Tobagi venne ucciso a Milano in via Salaino, alle ore 11 del 28 maggio 1980, con cinque colpi di pistola esplosi da un “commando” di terroristi di sinistra facenti capo alla Brigata XXVIII marzo (Marco Barbone, Paolo Morandini, Mario Marano, Francesco Giordano, Daniele Laus e Manfredi De Stefano), buona parte dei quali figli di famiglie della borghesia milanese. Due membri del commando in particolare appartengono all’ambiente giornalistico: sono Marco Barbone, figlio di Donato Barbone, dirigente editoriale della casa editrice Sansoni (di proprietà del gruppo RCS), e Paolo Morandini, figlio del critico cinematografico Morando Morandini del quotidiano Il Giorno.
Trentotto anni fa, il 9 maggio 1978 a Roma, in via Caetani, il ritrovamento del corpo di Aldo Moro, politico italiano della Democrazia cristiana, più volte presidente del Consiglio, sequestrato e poi ucciso dai terroristi delle Brigate rosse.
Nel 2007 il Parlamento italiano ha riconosciuto il 9 maggio “Giorno della memoria dedicato alle vittime del terrorismo e delle stragi di tale matrice”, che ricorre oggi.
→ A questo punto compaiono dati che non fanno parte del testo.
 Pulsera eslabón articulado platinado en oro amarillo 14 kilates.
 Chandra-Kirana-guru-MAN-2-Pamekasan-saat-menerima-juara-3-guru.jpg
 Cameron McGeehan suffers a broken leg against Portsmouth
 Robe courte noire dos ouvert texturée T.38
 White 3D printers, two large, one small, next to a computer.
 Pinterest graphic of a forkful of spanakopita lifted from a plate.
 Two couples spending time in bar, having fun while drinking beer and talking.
Il mio ricordo va al collega Tobagi. Un uomo che ha pagato con la vita il suo impegno quale inviato sul fronte del terrorismo e di cronista politico e sindacale.
Mi piace citare Giampaolo Pansa: “Tobagi sapeva che il terrorismo poteva annientare la nostra democrazia”.
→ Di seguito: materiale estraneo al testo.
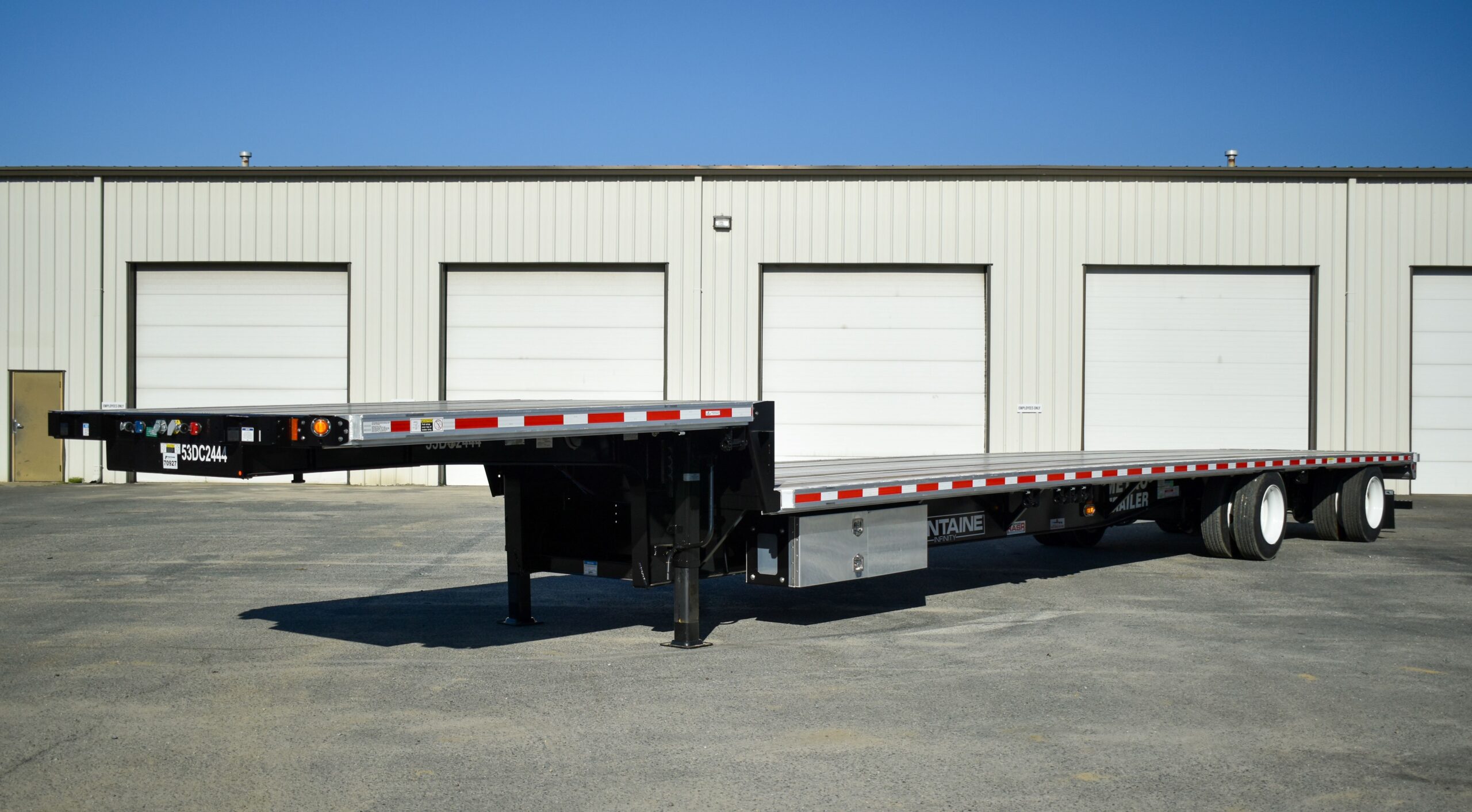 A step deck semi-trailer parked outside an industrial building with several large white garage doors.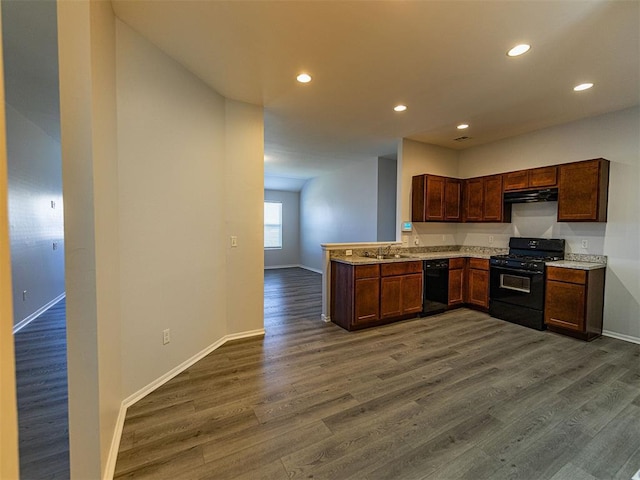 kitchen featuring dark wood-type flooring, range hood, light countertops, and black appliances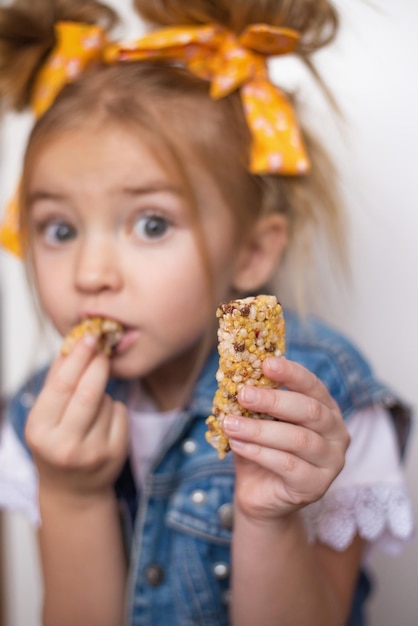 Foto il bambino felice mangia una barretta di frutta uno spuntino sano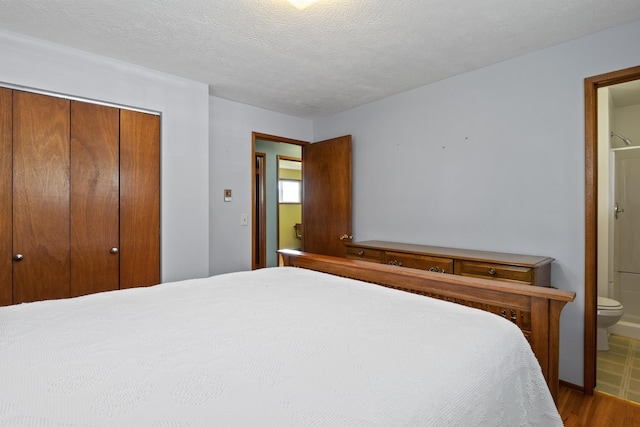 bedroom featuring connected bathroom, a closet, a textured ceiling, and hardwood / wood-style flooring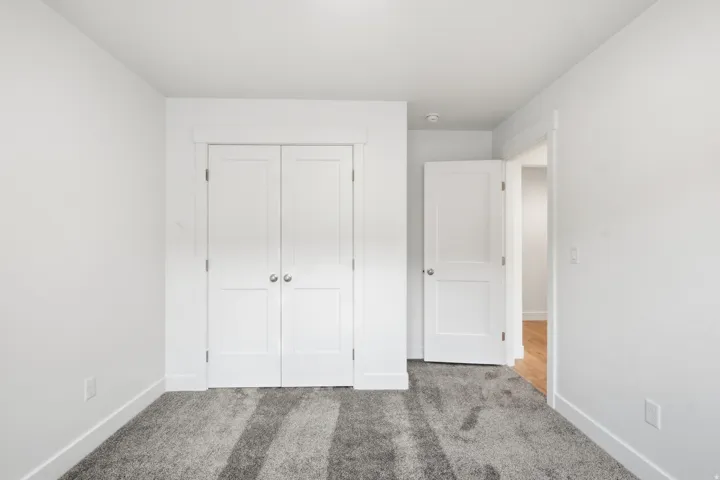 Room featuring neutral-toned walls, plush gray carpeting, and white baseboards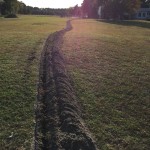 285 feet of 18" x 4" trench from garage to dock.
Eppure fra i suoi carnefici c’erano anche proprio coloro che avrebbero dovuto dare impulso alla resistenza di Tobagi contro quel tarlo che stava mangiando la nostra libertà, con la scusa di difenderla.
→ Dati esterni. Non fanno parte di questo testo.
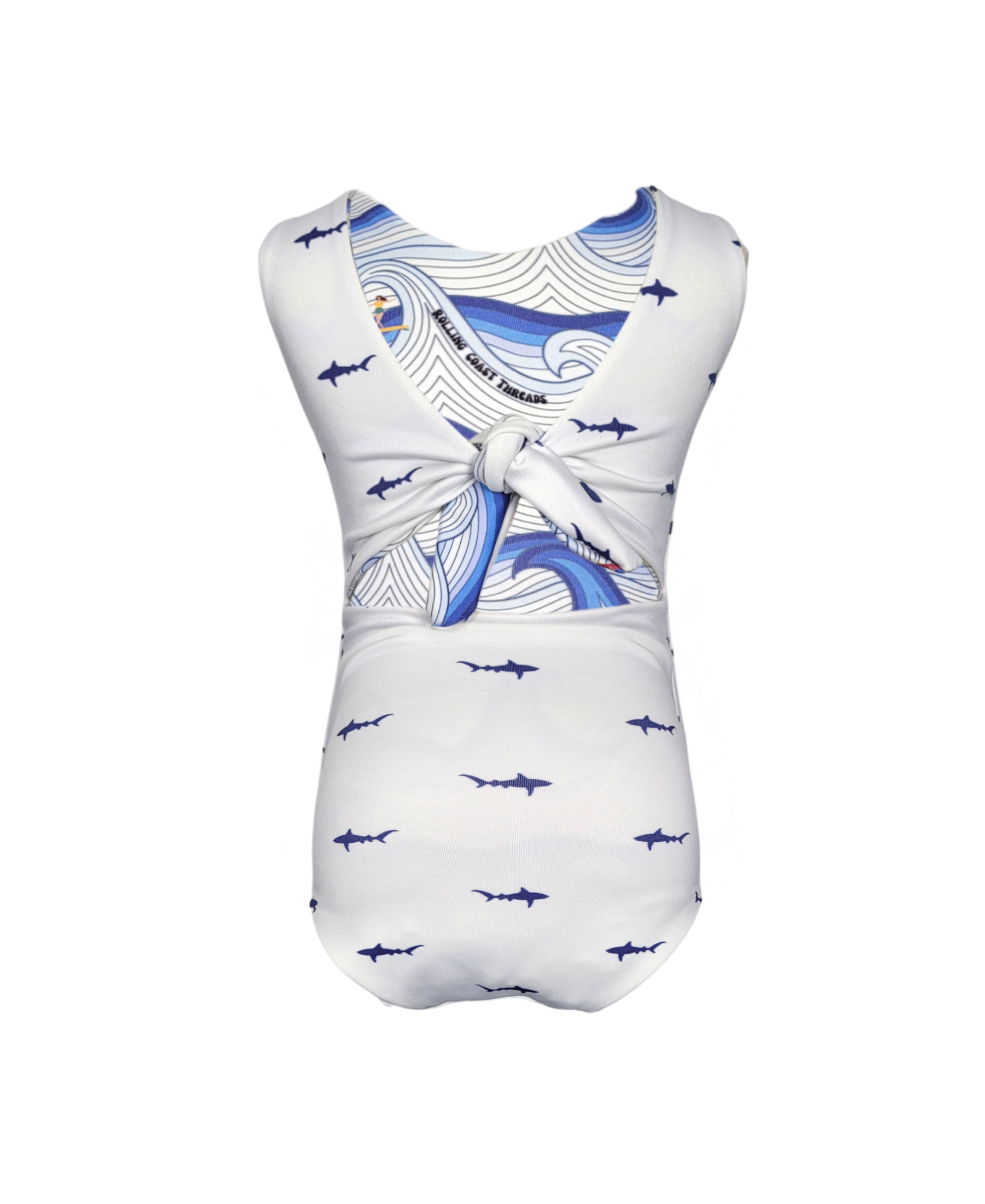 Girls Reversible Swimsuit. White with small blue sharks.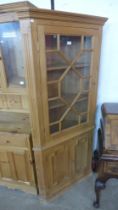 A George III style pine freestanding corner cabinet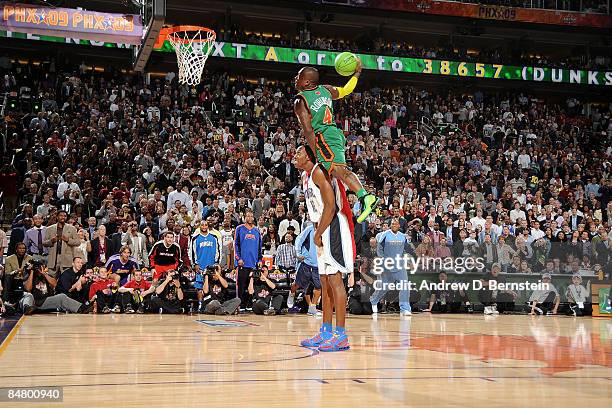 Nate Robinson of the New York Knicks dunks over Dwight Howard of the Orlando Magic in the finals of the Sprite Slam Dunk Contest on All-Star Saturday...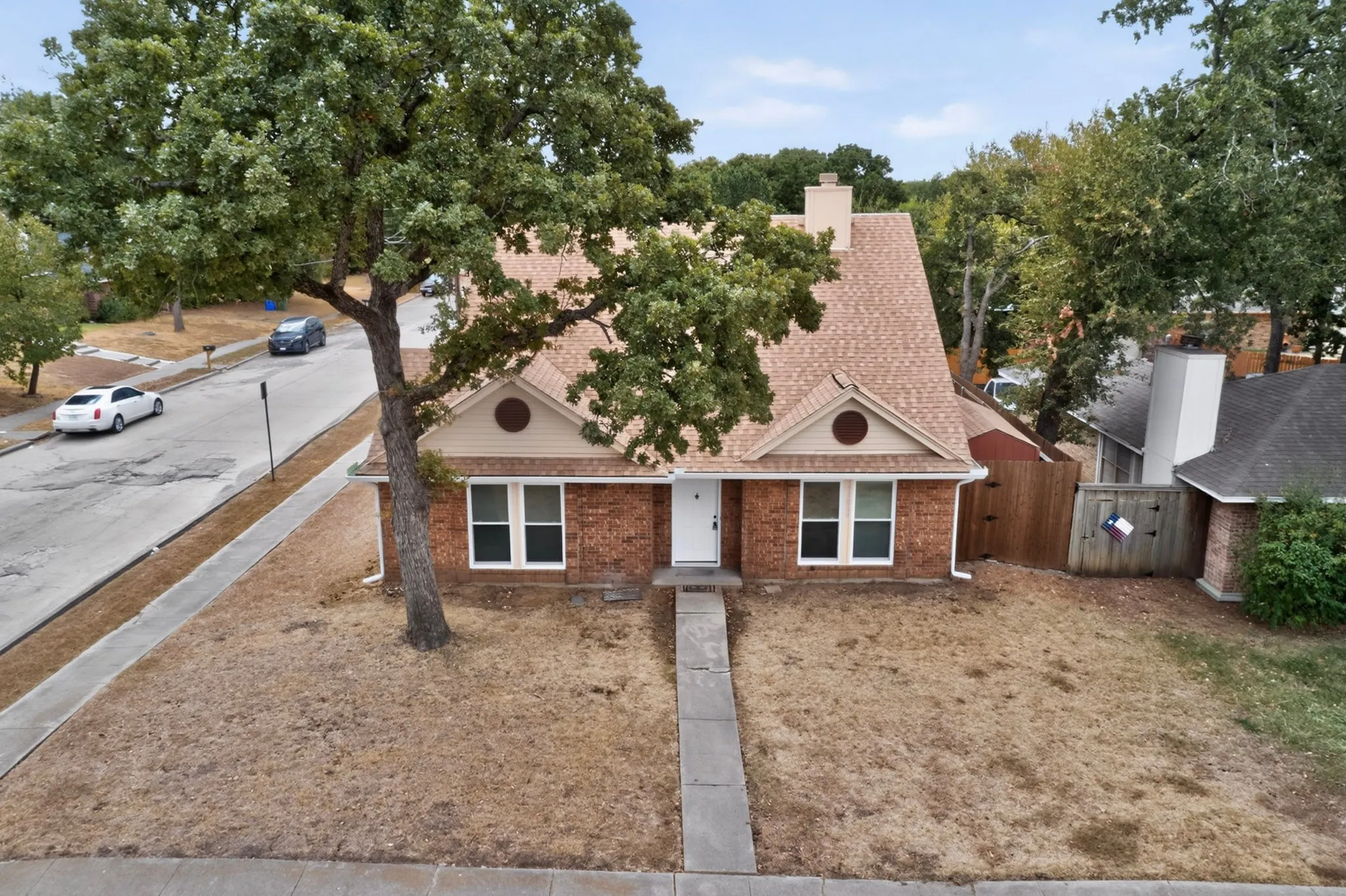 Traditional brick exterior with an A-frame roof and a prominent chimney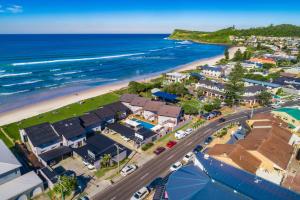 an aerial view of a town and the beach at Absolute Beachfront Apartment 11B in Lennox Head
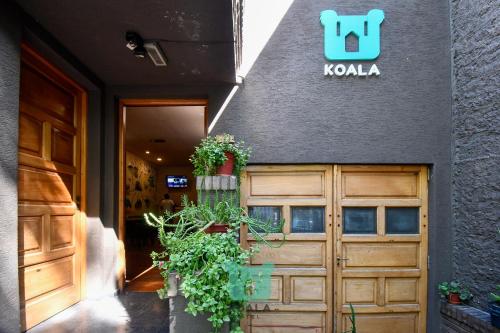 
a door leading to a building with a door open at Koala Hostel in Mendoza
Anche oggi i giornalisti sono chiamati a combattere contro chi vorrebbe imporre il pensiero unico. Contro chi vorrebbe mettere il bavaglio al diritto insopprimibile di chiedere e cercare la verità, anche quella alternativa alla narrativa corrente.
Certamente mai come ora, con la guerra in corso, abbiamo a che fare con una linea sottile che divide l’importanza di un contraddittorio e la necessità di dare spazio a ogni voce, dalla propaganda e la disinformazione.
Ed è proprio in questo momento che bisogna essere più vigili, cercando di non diventare strumento dei poteri forti e al contempo scavare per comprendere le ragioni degli uni, e degli altri.
Un modus operandi che dovrebbe essere utilizzato dalle redazioni locali più piccole, fino ad arrivare agli inviati sui campi di battaglia.
Concludo questa brevissima riflessione sulle stragi, con le parole del segretario generale delle Nazioni Unite, Antonio Guterres “inorridito” dall’attentato a una scuola nell’Ucraina orientale, che ha ucciso 60 persone. Guterres “riafferma che i civili e le infrastrutture civili devono essere sempre risparmiati in tempo di guerra”. L’attacco, ha aggiunto, “ci ricorda ancora una volta che in questa guerra, come in tanti conflitti, sono i civili a pagare il prezzo più alto”.
E’ vitale a questo punto, dopo oltre due mesi di conflitto, allargare la discussione su cosa l’Italia e San Marino possano fare per agevolare un processo negoziale.
Mentre quotidianamente vengono snocciolati il numero di morti e feriti, rischiamo di assuefarci ad una sorta di normalità che non possiamo e non dobbiamo accettare.
Ce lo hanno insegnato gli anni di piombo, ce lo riporta alla mente la ricorrenza odierna: la guerra di oggi, come il terrorismo di ieri, possono annientare la nostra libertà.